- _RECORDS_:

*** Block opens ***

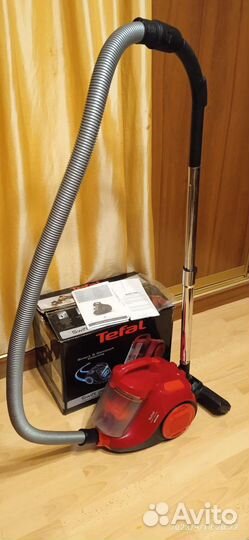 Пылесос безмешковый Tefal 2022 года выпуска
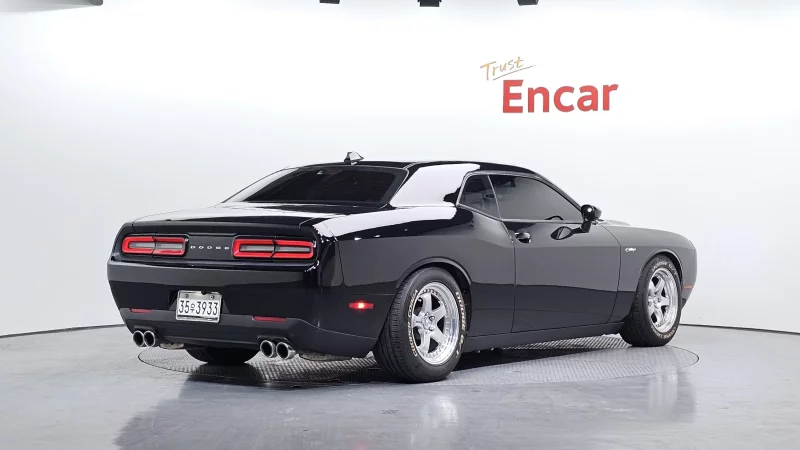 Dodge CHALLENGER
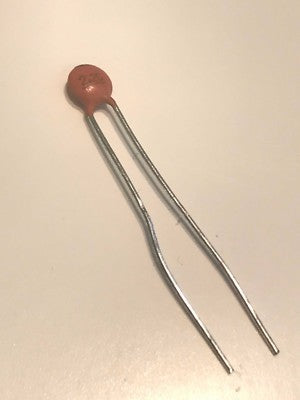 2.2pF 500V NPO DISC CERAMIC CAPACITOR (x5) fd7d11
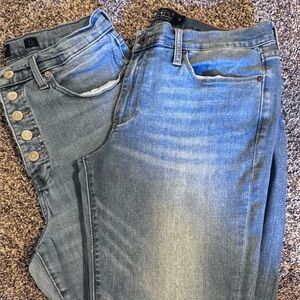2 Pair Lucky Brand Light Blue Skinny Jeans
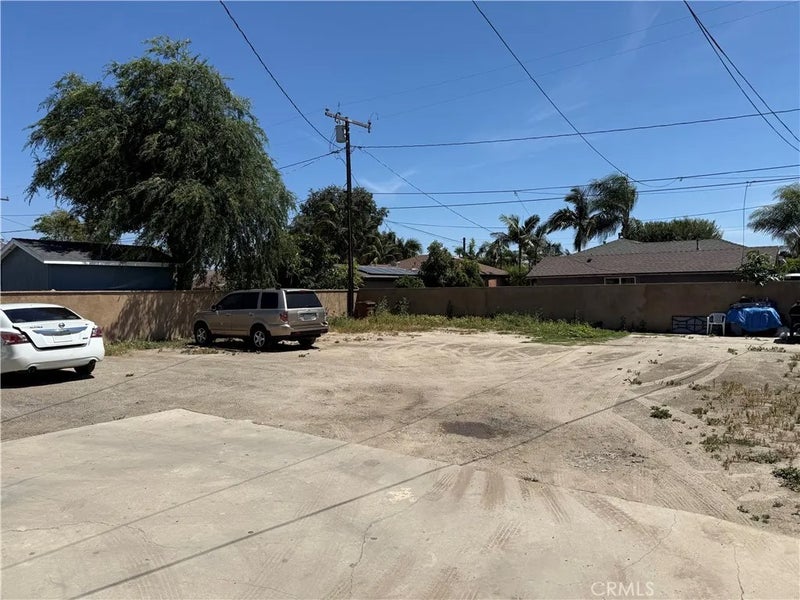 1212 E Sycamore Street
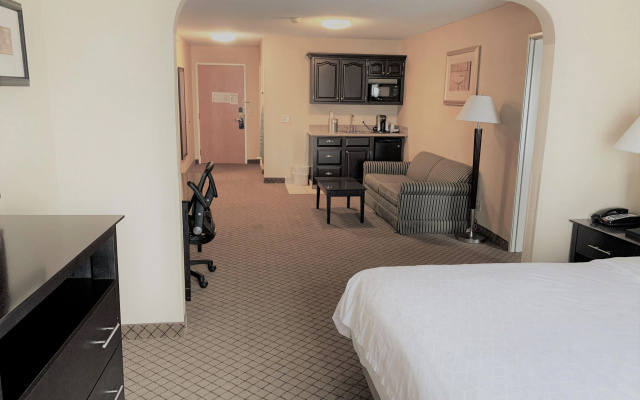 photo 3 of Holiday Inn Express Plymouth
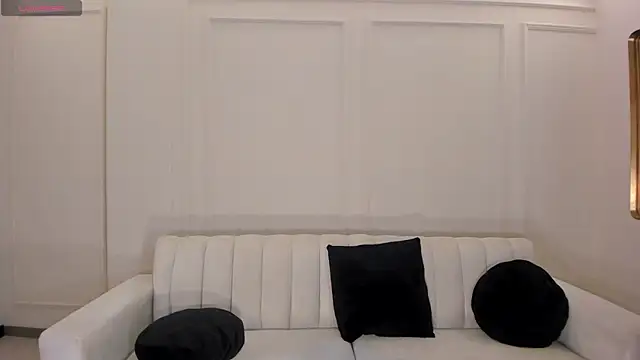 SaphiraJames webcam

*** Block closes ***

- _BRIEF_: The answer is the complete set of records, copied exactly, with pictures omitted.

- _EXERCISE OUTPUT_:
 Пылесос безмешковый Tefal 2022 года выпуска
 Dodge CHALLENGER
 2.2pF 500V NPO DISC CERAMIC CAPACITOR (x5) fd7d11
2 Pair Lucky Brand Light Blue Skinny Jeans
 1212 E Sycamore Street
 photo 3 of Holiday Inn Express Plymouth
 SaphiraJames webcam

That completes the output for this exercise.